Self-managed GPU Monitoring Stack on Google Cloud with DCGM, Prometheus, and Grafana

Published in

Google Cloud - Community

6 min readSep 11, 2024

Overview

On Google Cloud, there are increasingly more Kubernetes workloads that require accelerators like GPUs. Monitoring GPU usage on GKE can be challenging and often necessitates the use of NVIDIA Data Center GPU Manager (DCGM). Google provides two approaches for using DCGM: a self-managed approach via the DCGM exporter and a managed addon to collect and view metrics.

However, users sometimes desire more flexibility and want to use DCGM with other open-source tools such as Prometheus and Grafana.

This tutorial outlines the setup of a self-managed, open-source GPU monitoring stack. The stack leverages Prometheus exporters, Google Cloud Managed Service for Prometheus (GMP), and Grafana. This solution empowers users to effectively monitor and address performance issues in GPU-accelerated workloads. By optimizing resource utilization and ensuring the health and availability of GPU systems, this stack enables users to maintain optimal performance and reliability.

Specifically, the monitoring stack comprises the following components:

DCGM Prometheus exporter: This collects a wide range of metrics from GPU devices and systems, including utilization, temperature, power consumption, and memory usage.
Google Cloud Managed Service for Prometheus (GMP): This platform provides a hosted Prometheus instance, simplifying the deployment and management of the monitoring stack without requiring extensive infrastructure setup.
Visualization and alerting via Grafana: These offer visual representations of collected metrics, empowering users to monitor GPU performance, identify trends, and detect anomalies.

Create a GKE cluster with a GPU node pool

In this tutorial, a GKE cluster with a GPU node pool needs to be created.
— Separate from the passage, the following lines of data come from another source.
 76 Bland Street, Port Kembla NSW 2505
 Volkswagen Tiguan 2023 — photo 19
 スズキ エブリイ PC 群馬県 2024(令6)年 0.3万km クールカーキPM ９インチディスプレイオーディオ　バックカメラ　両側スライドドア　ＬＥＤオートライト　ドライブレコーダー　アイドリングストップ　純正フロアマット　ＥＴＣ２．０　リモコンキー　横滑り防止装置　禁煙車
We also need to run some sample workloads. The following steps walk you through the process. For more details about the example, you can read this doc.
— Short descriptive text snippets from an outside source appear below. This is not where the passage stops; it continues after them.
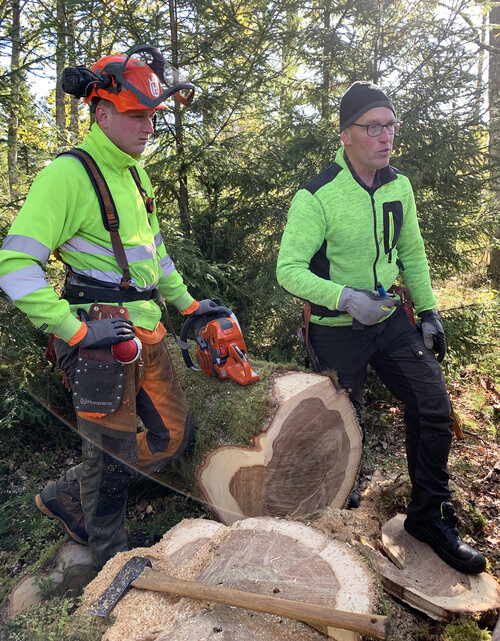Hampus Johansson, manuellhuggare, och mätaren Olle Jardén från Biometria.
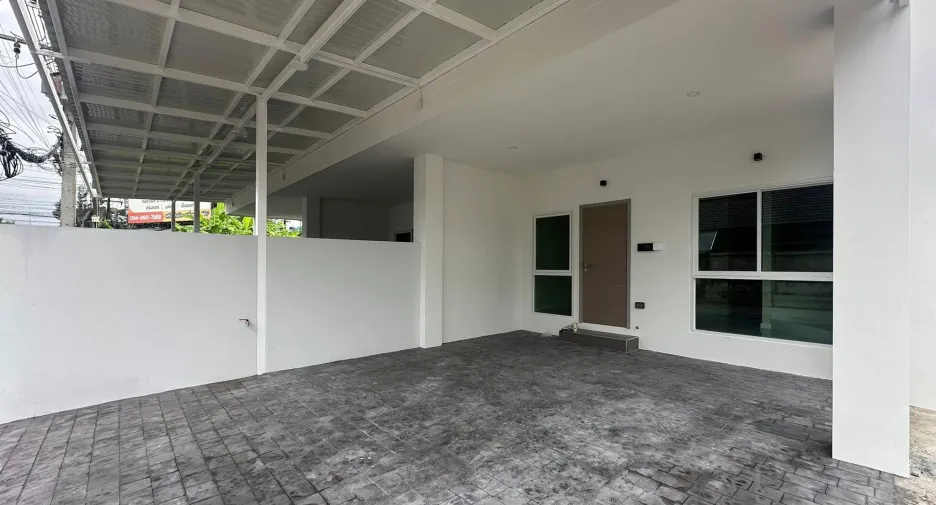 Reihenhaus zum Kauf mit 5 Zimmer in Mueang Chiang Mai, Chiang Mai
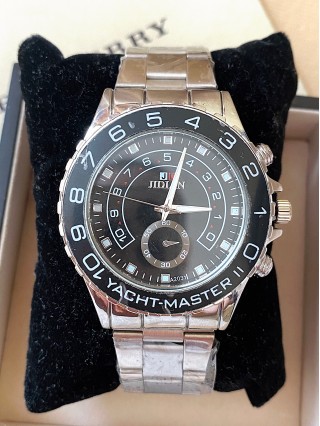 Ceas barbati argintiu cu bratara metalica si cadran negru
You need to run all the following commands in Cloud Shell.

First, let’s clone the sample repository:

git clone https://github.com/GoogleCloudPlatform/ai-on-gke/ ai-on-gke
cd ai-on-gke/tutorials-and-examples/gpu-examples/training-single-gpu

Configure the variables:

export PROJECT_ID=[YOUR-PROJECT-ID]

export REGION=us-central1
export CLUSTER_NAME=gke-gpu-cluster
export NAMESPACE=gke-ai-namespace
export K8S_SA_NAME=gpu-k8s-sa
export BUCKET_NAME=${PROJECT_ID}-gke-gpu-bucket

Configure the environment and enable the needed services:

gcloud config set project “$PROJECT_ID”
gcloud config set compute/region “$REGION”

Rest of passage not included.